Repeat all the records exactly, omitting pictures.

▸ **INPUT DATA**:
=== Section Start ===

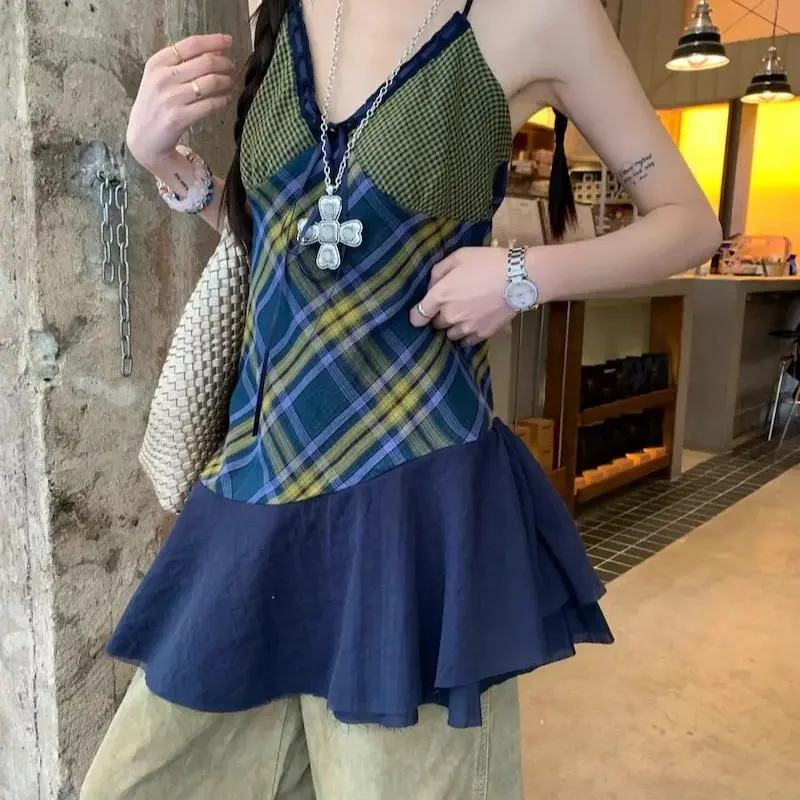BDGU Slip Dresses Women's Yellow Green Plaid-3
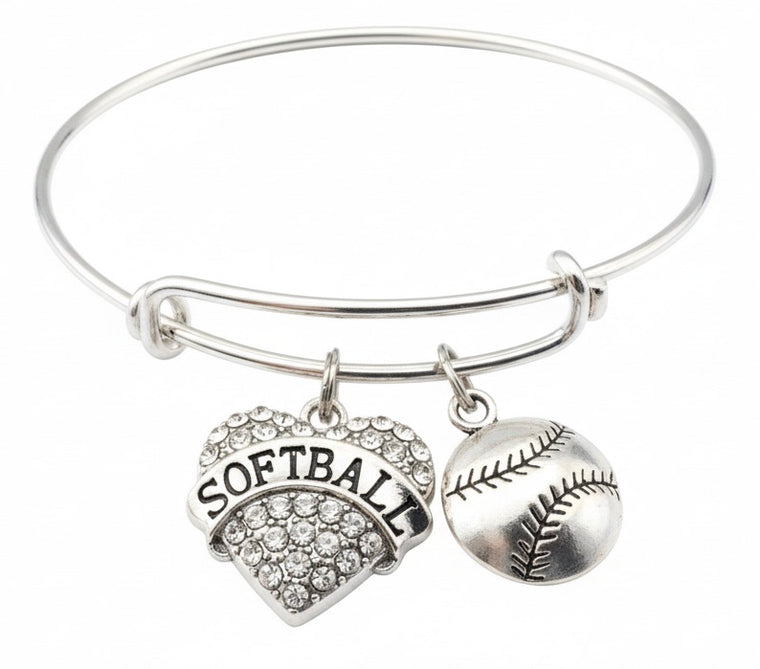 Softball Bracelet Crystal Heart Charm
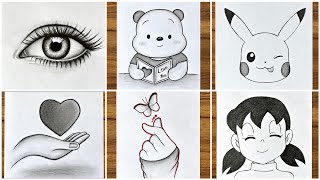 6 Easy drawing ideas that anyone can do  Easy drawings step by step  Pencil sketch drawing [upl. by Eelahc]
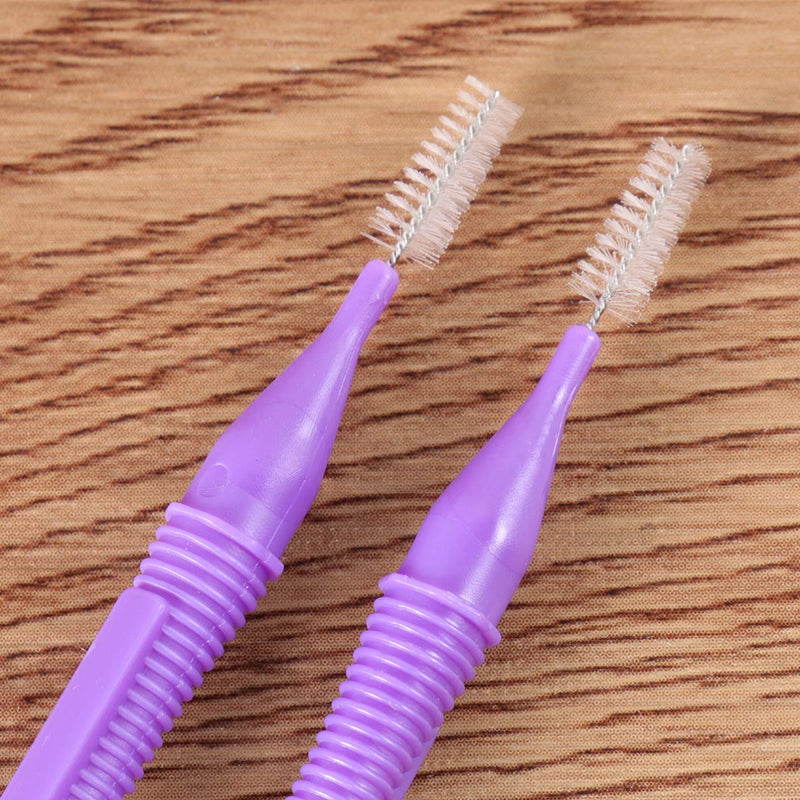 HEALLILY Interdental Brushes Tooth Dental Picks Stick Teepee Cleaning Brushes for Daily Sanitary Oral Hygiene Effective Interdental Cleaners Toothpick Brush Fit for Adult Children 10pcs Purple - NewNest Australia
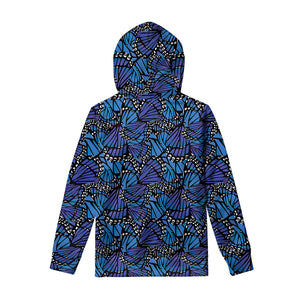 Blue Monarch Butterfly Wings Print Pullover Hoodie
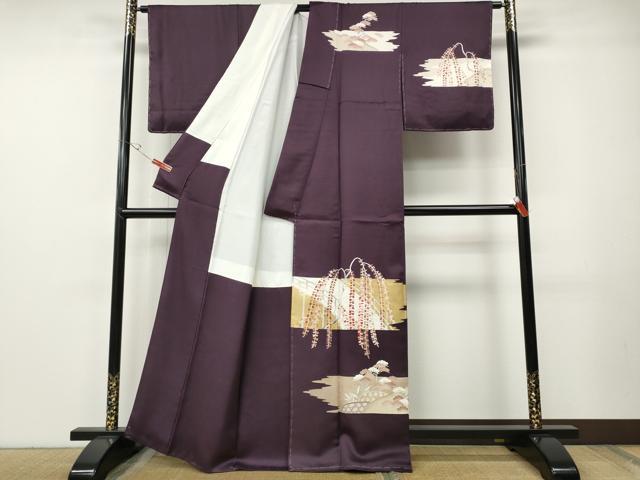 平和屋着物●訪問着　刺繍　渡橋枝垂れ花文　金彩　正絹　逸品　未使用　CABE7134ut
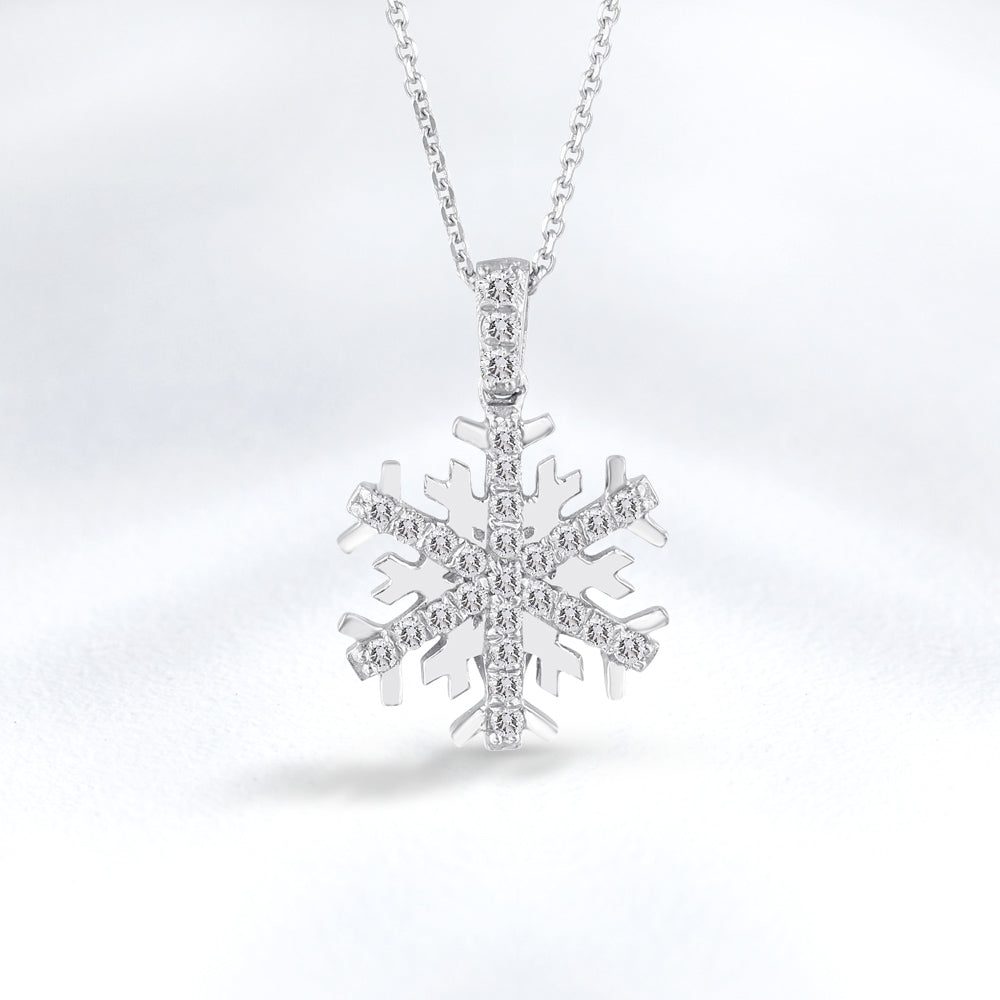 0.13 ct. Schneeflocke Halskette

=== Section End ===

▸ **RESPONSE AREA**:
BDGU Slip Dresses Women's Yellow Green Plaid-3
 Softball Bracelet Crystal Heart Charm
 6 Easy drawing ideas that anyone can do  Easy drawings step by step  Pencil sketch drawing [upl. by Eelahc]
 HEALLILY Interdental Brushes Tooth Dental Picks Stick Teepee Cleaning Brushes for Daily Sanitary Oral Hygiene Effective Interdental Cleaners Toothpick Brush Fit for Adult Children 10pcs Purple - NewNest Australia
 Blue Monarch Butterfly Wings Print Pullover Hoodie
 平和屋着物●訪問着　刺繍　渡橋枝垂れ花文　金彩　正絹　逸品　未使用　CABE7134ut
 0.13 ct. Schneeflocke Halskette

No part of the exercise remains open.